“If they’re going to make a new version of The Incredible Hulk every two years, we’re so out of here,” said a spokes-bee, who believes the ink on the DVD case should be dry before a reboot enters the theaters.
The Happening begins with an episode that stretches credulity to the breaking point:
Mark Wahlberg is a high school teacher!
Now Harry Potter as a real wizard, that I buy. But Mark Wahlberg in front of a class and not because some kid brought him in for “Show and Tell”? Come on!
“There are forces at work beyond our understanding,” he teaches. “Especially beyond my understanding, if you include virtually every force at work.”
But wait! There’s an “event” happening!
And whatever that “event” is, it’s surrounded by a cast of extremely mediocre Philadelphia-area supporting players who have spent a larger proportion of their careers sampling cheesesteaks than honing their craft.

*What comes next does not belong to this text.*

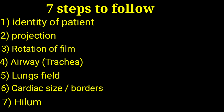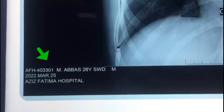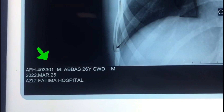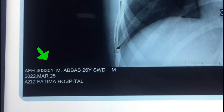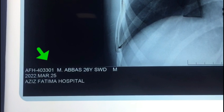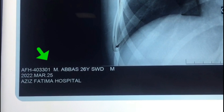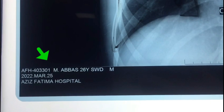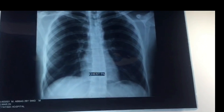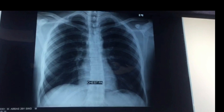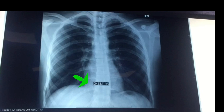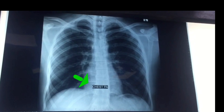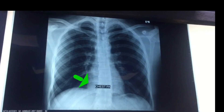This is a chest X-ray of Muhammad Abbas, 26 years old. The next step is projection — whether your chest X-ray film is AP or PA view. This is a PA view.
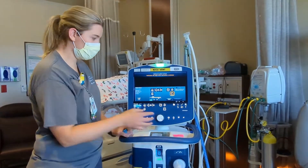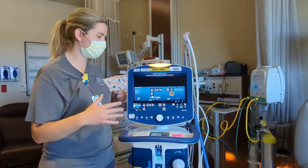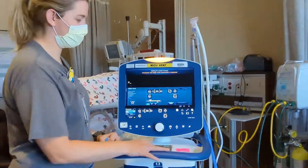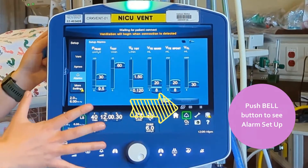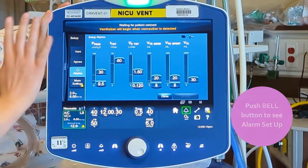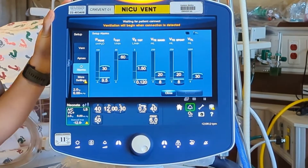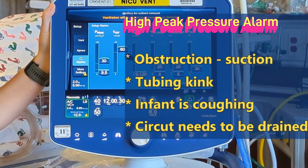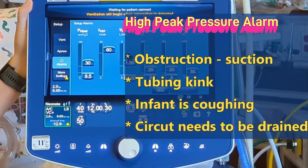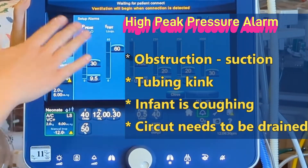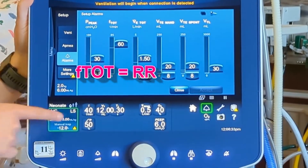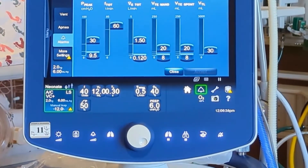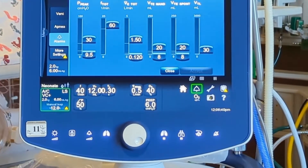Then we have our alarms, which I'll delve into a little bit. We can touch on them more once we start ventilating. With alarms, we have our high peak pressure — you'll get that typically whenever there's some sort of obstruction or a kink in the circuit or even in the ET tube. Our high respiratory rate we'll set about 20 to 30 above what we've actually set. Our high minute ventilation is the volume they're taking on each breath.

Something’s in the air, and it’s making people kill themselves.
Besides the Denise Richards reality TV show, I mean.
Wouldn’t it be just our luck if the entire Lohan family is immune?
Pedestrians freeze like drivers on their cellphones when the light turns green while they ponder incredibly elaborate and imaginative ways to kill themselves. I don’t know about you, but if I had to figure out a cinematic and novel way to off myself it might stop me in my tracks, too.
“Why do people kill themselves in such devilishly elaborate ways?” asks formerly charming Zooey Deschanel, as she stuffs Tastycakes into every orifice on a suicidal rampage.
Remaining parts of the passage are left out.